## Exercise details:
Repeat, exactly as written, the lines of the records below from the first through the line with "Postcard Millstatt am", but none past it.

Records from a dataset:
▼

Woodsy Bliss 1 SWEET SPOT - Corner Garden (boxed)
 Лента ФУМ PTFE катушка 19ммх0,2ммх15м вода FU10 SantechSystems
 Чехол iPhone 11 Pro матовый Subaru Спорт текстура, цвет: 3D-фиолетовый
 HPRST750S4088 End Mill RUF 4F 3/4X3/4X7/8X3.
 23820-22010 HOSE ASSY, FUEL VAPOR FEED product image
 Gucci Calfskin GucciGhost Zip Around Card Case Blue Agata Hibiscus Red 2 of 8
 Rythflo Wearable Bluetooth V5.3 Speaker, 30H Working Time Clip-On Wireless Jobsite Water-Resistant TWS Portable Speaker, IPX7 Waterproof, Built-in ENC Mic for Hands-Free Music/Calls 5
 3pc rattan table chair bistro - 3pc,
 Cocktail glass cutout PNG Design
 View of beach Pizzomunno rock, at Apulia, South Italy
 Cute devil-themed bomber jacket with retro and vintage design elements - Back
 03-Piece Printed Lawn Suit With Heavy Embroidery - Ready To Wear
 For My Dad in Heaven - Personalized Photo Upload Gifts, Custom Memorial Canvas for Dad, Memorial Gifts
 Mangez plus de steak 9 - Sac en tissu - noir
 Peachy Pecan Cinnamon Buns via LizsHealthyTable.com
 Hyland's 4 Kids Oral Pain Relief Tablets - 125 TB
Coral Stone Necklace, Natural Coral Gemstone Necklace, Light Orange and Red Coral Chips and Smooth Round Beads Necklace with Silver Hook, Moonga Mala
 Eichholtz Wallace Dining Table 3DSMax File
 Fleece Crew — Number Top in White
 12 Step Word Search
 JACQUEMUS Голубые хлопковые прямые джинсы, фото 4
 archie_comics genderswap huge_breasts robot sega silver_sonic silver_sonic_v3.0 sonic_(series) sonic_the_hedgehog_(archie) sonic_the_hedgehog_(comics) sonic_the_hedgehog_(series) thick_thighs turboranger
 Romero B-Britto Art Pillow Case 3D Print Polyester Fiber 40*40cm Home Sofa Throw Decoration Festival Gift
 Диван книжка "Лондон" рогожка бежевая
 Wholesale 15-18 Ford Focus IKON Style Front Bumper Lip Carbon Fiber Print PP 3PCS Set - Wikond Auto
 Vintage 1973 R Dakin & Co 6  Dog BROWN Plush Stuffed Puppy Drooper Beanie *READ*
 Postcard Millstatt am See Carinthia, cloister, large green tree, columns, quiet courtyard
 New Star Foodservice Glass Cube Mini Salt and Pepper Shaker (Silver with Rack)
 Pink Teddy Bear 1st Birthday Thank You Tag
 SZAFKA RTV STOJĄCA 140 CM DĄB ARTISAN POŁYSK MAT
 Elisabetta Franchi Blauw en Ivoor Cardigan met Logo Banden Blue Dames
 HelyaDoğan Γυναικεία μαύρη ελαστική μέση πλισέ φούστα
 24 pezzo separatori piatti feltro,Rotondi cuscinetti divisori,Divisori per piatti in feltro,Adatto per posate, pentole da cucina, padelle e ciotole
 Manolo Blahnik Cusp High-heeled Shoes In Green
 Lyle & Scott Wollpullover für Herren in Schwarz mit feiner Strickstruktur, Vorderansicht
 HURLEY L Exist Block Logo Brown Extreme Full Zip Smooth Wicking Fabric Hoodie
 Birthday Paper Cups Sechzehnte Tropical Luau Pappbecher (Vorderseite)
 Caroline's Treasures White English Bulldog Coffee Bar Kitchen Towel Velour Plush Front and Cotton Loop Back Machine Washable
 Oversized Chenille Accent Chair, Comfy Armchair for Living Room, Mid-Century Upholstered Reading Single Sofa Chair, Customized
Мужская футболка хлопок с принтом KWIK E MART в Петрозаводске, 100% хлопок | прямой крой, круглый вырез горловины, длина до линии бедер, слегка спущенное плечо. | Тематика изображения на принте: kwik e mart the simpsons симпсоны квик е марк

▲

## Answer to the exercise:
Woodsy Bliss 1 SWEET SPOT - Corner Garden (boxed)
 Лента ФУМ PTFE катушка 19ммх0,2ммх15м вода FU10 SantechSystems
 Чехол iPhone 11 Pro матовый Subaru Спорт текстура, цвет: 3D-фиолетовый
 HPRST750S4088 End Mill RUF 4F 3/4X3/4X7/8X3.
 23820-22010 HOSE ASSY, FUEL VAPOR FEED product image
 Gucci Calfskin GucciGhost Zip Around Card Case Blue Agata Hibiscus Red 2 of 8
 Rythflo Wearable Bluetooth V5.3 Speaker, 30H Working Time Clip-On Wireless Jobsite Water-Resistant TWS Portable Speaker, IPX7 Waterproof, Built-in ENC Mic for Hands-Free Music/Calls 5
 3pc rattan table chair bistro - 3pc,
 Cocktail glass cutout PNG Design
 View of beach Pizzomunno rock, at Apulia, South Italy
 Cute devil-themed bomber jacket with retro and vintage design elements - Back
 03-Piece Printed Lawn Suit With Heavy Embroidery - Ready To Wear
 For My Dad in Heaven - Personalized Photo Upload Gifts, Custom Memorial Canvas for Dad, Memorial Gifts
 Mangez plus de steak 9 - Sac en tissu - noir
 Peachy Pecan Cinnamon Buns via LizsHealthyTable.com
 Hyland's 4 Kids Oral Pain Relief Tablets - 125 TB
Coral Stone Necklace, Natural Coral Gemstone Necklace, Light Orange and Red Coral Chips and Smooth Round Beads Necklace with Silver Hook, Moonga Mala
 Eichholtz Wallace Dining Table 3DSMax File
 Fleece Crew — Number Top in White
 12 Step Word Search
 JACQUEMUS Голубые хлопковые прямые джинсы, фото 4
 archie_comics genderswap huge_breasts robot sega silver_sonic silver_sonic_v3.0 sonic_(series) sonic_the_hedgehog_(archie) sonic_the_hedgehog_(comics) sonic_the_hedgehog_(series) thick_thighs turboranger
 Romero B-Britto Art Pillow Case 3D Print Polyester Fiber 40*40cm Home Sofa Throw Decoration Festival Gift
 Диван книжка "Лондон" рогожка бежевая
 Wholesale 15-18 Ford Focus IKON Style Front Bumper Lip Carbon Fiber Print PP 3PCS Set - Wikond Auto
 Vintage 1973 R Dakin & Co 6  Dog BROWN Plush Stuffed Puppy Drooper Beanie *READ*
 Postcard Millstatt am See Carinthia, cloister, large green tree, columns, quiet courtyard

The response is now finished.